#### [What to do]
Your answer should contain only the lines from the top of the data below down through the one with "Shah Karim al-Hussayni", transcribed exactly and without pictures; please include nothing more.

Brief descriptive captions
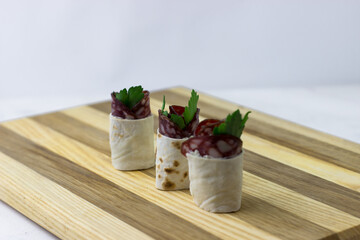 Festive snacks on a wooden board. Appetizers with sausage and cream cheese
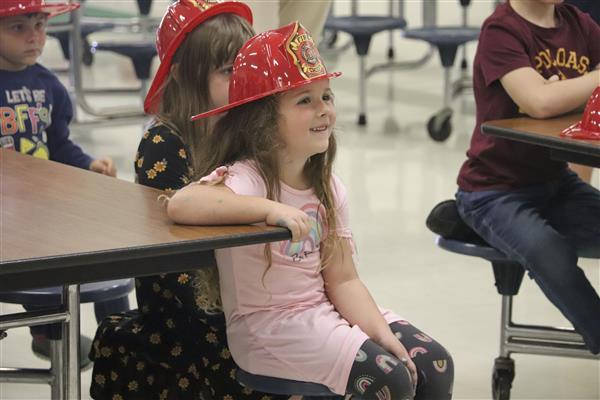 Student at Fire Safety Day wearing a fireman toy hat.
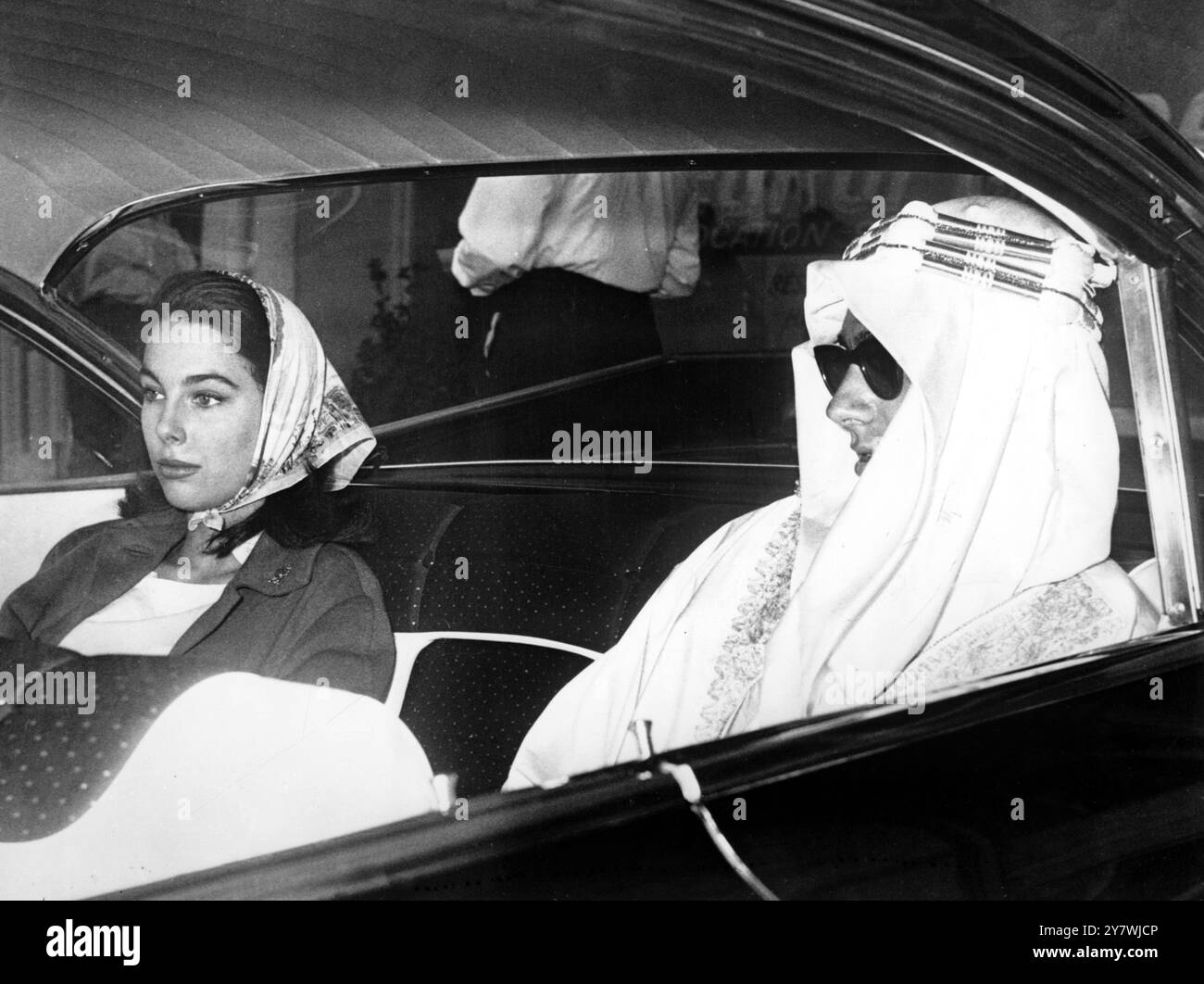 Shah Karim al-Hussayni : Born 13 December 1936 Prince Karim Aga Khan , seen here on the way from the airport in Nice , France with Miss Tracy Pelissier , step daughter of film magnate Sir Carol Reed . She was accompanied by her two London friends Miss Linda Ann Chandler and Miss Serena Mount . She denied she was engaged to Prince Karim Khan 10 August 1959 Stock Photo
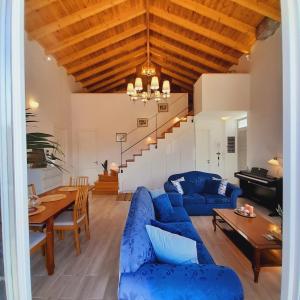 a living room with a blue couch and a table at Tatiana's House in Spetses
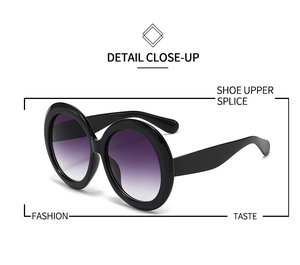 Gros plan détaillé de lunettes de soleil rondes avec monture noire et verres dégradés violets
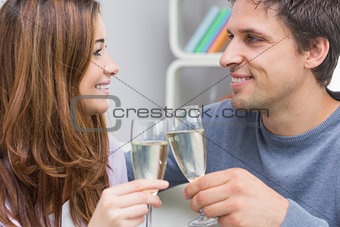 Close-up of a smiling young couple toasting flutes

#### [Task result]
 Festive snacks on a wooden board. Appetizers with sausage and cream cheese
 Student at Fire Safety Day wearing a fireman toy hat.
 Shah Karim al-Hussayni : Born 13 December 1936 Prince Karim Aga Khan , seen here on the way from the airport in Nice , France with Miss Tracy Pelissier , step daughter of film magnate Sir Carol Reed . She was accompanied by her two London friends Miss Linda Ann Chandler and Miss Serena Mount . She denied she was engaged to Prince Karim Khan 10 August 1959 Stock Photo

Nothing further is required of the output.